Server 2012, 2012 R2 & 2016 Disable Or Remove Deduplication On A Volume

I just thought I’d post about this,as it’s something I’ve come up against recently, how to disable deduplication on a volume on Server 2012, 2012 R2 or 2016 and inflate the data back to it’s original form. In this example, the volume in question is E:

So let’s start with step one;
DO NOT DISABLE DEDUPLICATION ON THE VOLUME
If you disable dedup on the volume first, you simply stop new data being processed, rather than rehydrating your already deduplicated data.

So with that in mind the, step two would be to run the following command in PowerShell;
Start-DedupJob -Type Unoptimization -Volume E: -Full

When that job has completed, which you can check with the Get-DedupJob
command, you’ll then find that deduplication has been disabled on the disk. Since there’s still the garbage collection job to run, we need to rather counter-intuitively turn dedup back on for the volume with the following command Enable-DedupVolume -Volume E:

Once this is done, the next step is to run the following command to start your garbage collection on the volume;
Start-DedupJob -Type GarbageCollection -Volume E: -Full

Finally, after that, the final step is to turn off dedup on the volume with the following command;
Disable-DedupVolume -Volume E:

And that should save you any unnecessary drama.

Note
When all this is done, the volume will still show in some places like server manager sat at 0% deduplication rate, which is fine, as we’ve turned it off. I would guess this is just a bug, but it seems once a volume has been touched by the deduplication processes, it never goes back to a blank value for dedup rate.

5 thoughts on “Server 2012, 2012 R2 & 2016 Disable Or Remove Deduplication On A Volume”

  1. Hey Mark,

    You state “DO NOT DISABLE DEDUPLICATION ON THE VOLUME”.

    What if this was already done? Should I turn it back on? or Just run the unoptimization after the fact.

    Thank you,
    Spencer Lemm

    1. Hi Spencer, generally if you’ve turned off dedup already, you should be safe to turn it back on, making sure any optimisation schedules are stopped, then run the un-optimisation and garbage collection routines, then turn dedup off again. Hope that helps.

      edit
      I should have added, and when you’re running the un-optimisation and garbage collection jobs, make sure the in-optimisation finishes, then run the garbage collection, then turn off dedup when the garabge collection job is done.
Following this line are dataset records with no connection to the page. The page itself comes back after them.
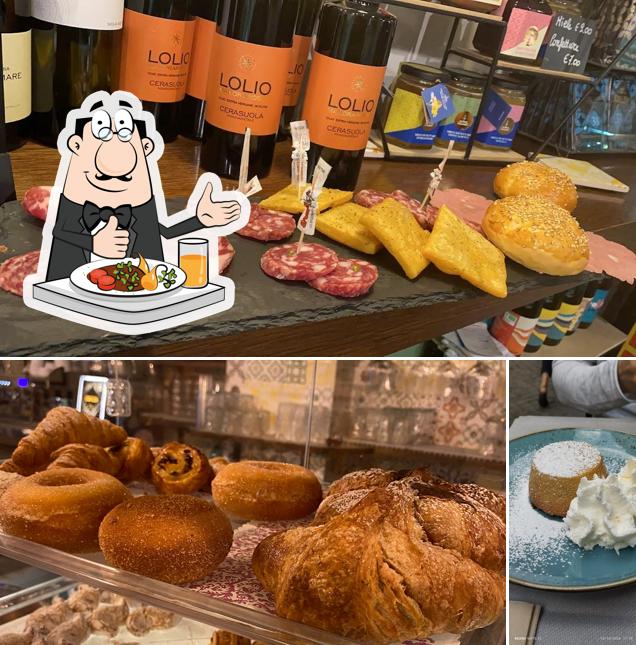 Cibo al Da Nina a Trastevere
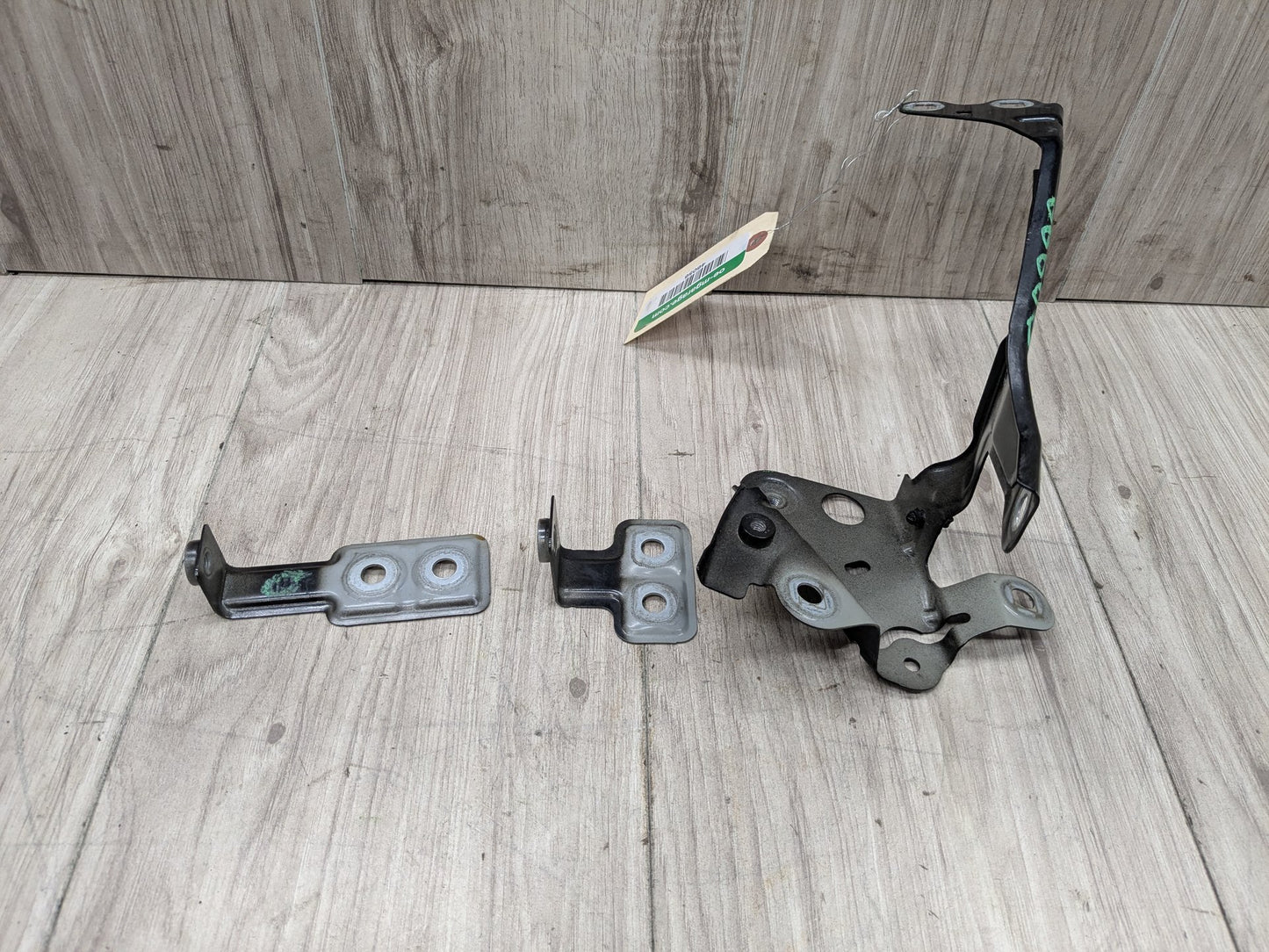 OEM BMW F90 G30 530 540 M550 M5 Front Left Driver Fender Wing Holder Bracket SET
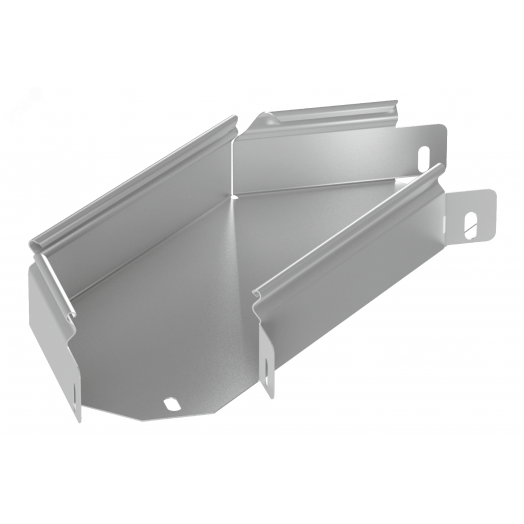 Угол горизонтальный 200х80-90 S=0.7мм оцинкованный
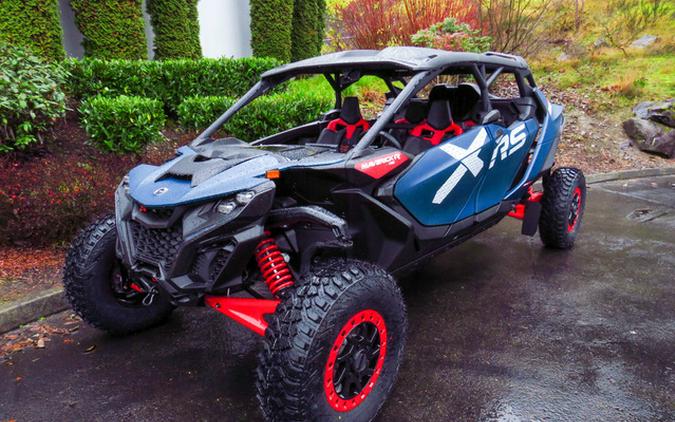 2026 Can-Am Maverick R Max X RS With Smart-Shox Dusty Navy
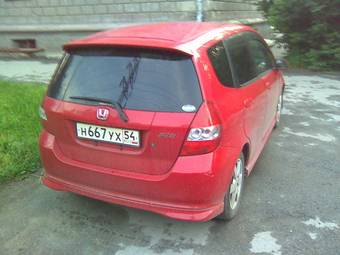 2002 Honda Fit Pictures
  2. Like you mentioned in your last reply, check the schedule for background optimization and turn it off first.
    After letting the unoptimization run, then re-enabling before garbage collection it started to optimize again for me right after enabling. Had to stop that job (stop-DedupJob -volume D:) and unoptimize again.

    Thanks for the post.

  3. I have to rebuild my home server (2012r2) with larger hard drives. I’ve made my backups by hand, copy to additional drives and stack in the corner. Now when I set up my RAID (I use a card, not a software RAID) and start to repopulate my array, will the deduped files pay a penalty for not rehydrating them first?
    Thanks,
    john

    1. Hi John, if you’ve copied the data off a deduped volume to disks that are not deduped, then in effect they’ve already been re-hydrated. When you then recreate the RAID array and enable dedup on the volume on that array, and copy the data back into them, it will first be written in full form, and then deduped in the background according to the usual schedule you set, either at specific times or background optimisation. Windows Server dedup is only per volume, so if you copy data between dedup volumes, or from a dedup volume to a non-deduped volume, the data will in effect be rehydrated. Hope that makes it a bit clearer.